Steven Johnson, writer, was introduced next (from his TED biography),

Steven Berlin Johnson examines the intersection of science, technology and personal experience.

A dynamic writer and speaker, Johnson crafts captivating theories that draw on a dizzying array of disciplines, without ever leaving his audience behind. Author Kurt Anderson described Johnson’s book Emergence as “thoughtful and lucid and charming and staggeringly smart.” The same could be said for Johnson himself. His big-brained, multi-disciplinary theories make him one of his generation’s more intriguing thinkers. His books take the reader on a journey — following the twists and turns his own mind makes as he connects seemingly disparate ideas: ants and cities, interface design and Victorian novels.

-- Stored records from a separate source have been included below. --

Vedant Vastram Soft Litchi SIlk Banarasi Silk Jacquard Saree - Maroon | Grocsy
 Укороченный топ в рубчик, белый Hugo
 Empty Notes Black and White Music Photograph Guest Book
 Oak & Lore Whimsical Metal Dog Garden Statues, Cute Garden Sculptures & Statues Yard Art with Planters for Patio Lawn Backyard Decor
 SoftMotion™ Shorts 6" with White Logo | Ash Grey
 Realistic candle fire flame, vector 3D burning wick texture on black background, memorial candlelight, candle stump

He will be hosting a new PBS (Public Broadcasting Service) series, ‘How We Got to Now’ (mentioned in Hector Tobar’s Aug. 7, 2013 article about the PBS series in the Los Angeles Times) and this talk sounds like it might be a preview of sorts. Johnson plays a recording made 20 years before Alexander Graham Bell ‘first’ recorded sound. The story he shares is about an inventor who didn’t think to include a playback feature for his recordings. He simply didn’t think about it as he was interested in doing something else (I can’t quite remember what that was now) and, consequently, his invention and work got lost for decades. Despite that, it forms part of the sound recording story. Thankfully, modern sound recording engineers have developed a technique which allows us to hear those ‘lost’ sounds today.